The records below:

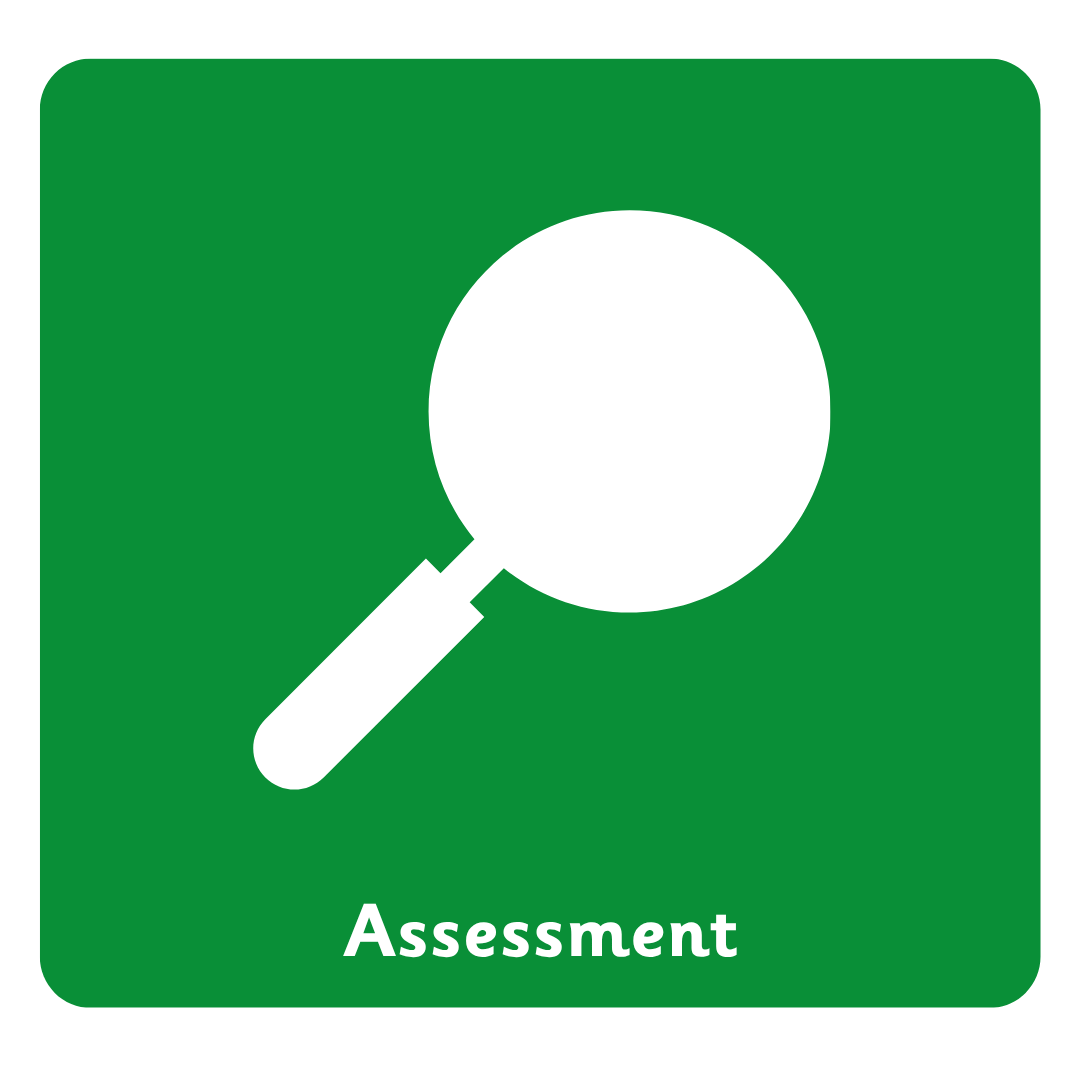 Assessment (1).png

End of The records.
The records below:

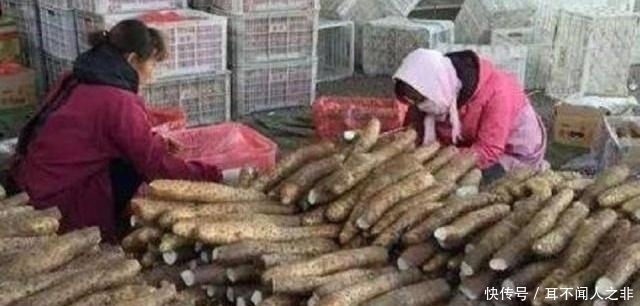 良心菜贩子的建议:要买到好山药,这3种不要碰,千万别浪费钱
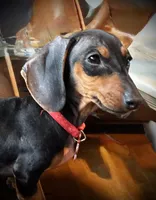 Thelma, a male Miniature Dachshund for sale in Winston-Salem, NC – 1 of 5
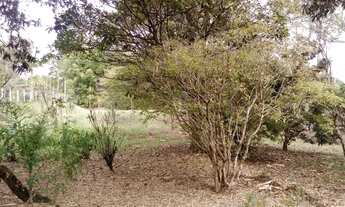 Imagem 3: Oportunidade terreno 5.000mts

End of The records.
The records below:

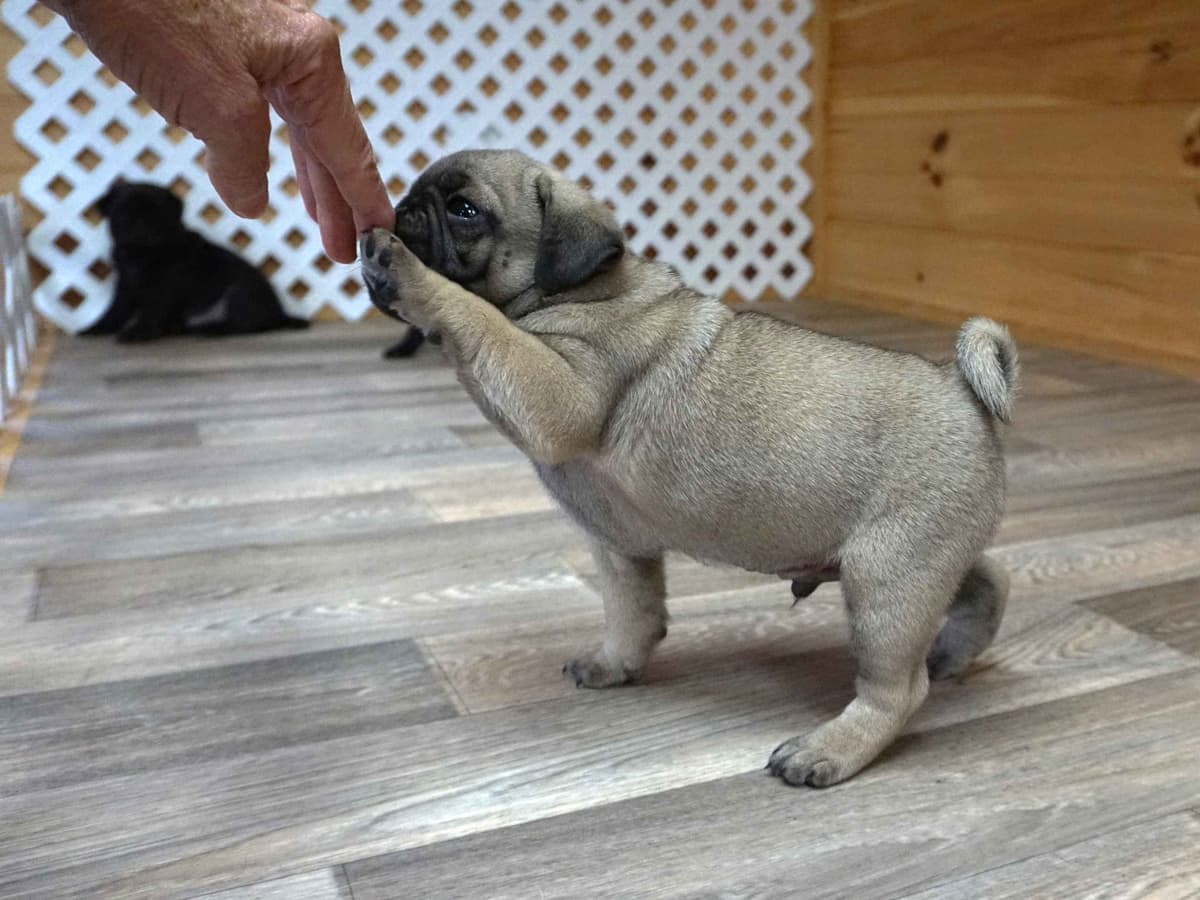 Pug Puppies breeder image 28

End of The records.

• **Action item**: Starting at the line above that contains "良心菜贩子的建议:要买到好山药,这3种不要碰,千万别浪费钱", transcribe every line exactly through the line that contains "Imagem 3: Oportunidade terreno 5.000mts", including that last one, and skip the pictures.

• **Output of the task**:
 良心菜贩子的建议:要买到好山药,这3种不要碰,千万别浪费钱
 Thelma, a male Miniature Dachshund for sale in Winston-Salem, NC – 1 of 5
 Imagem 3: Oportunidade terreno 5.000mts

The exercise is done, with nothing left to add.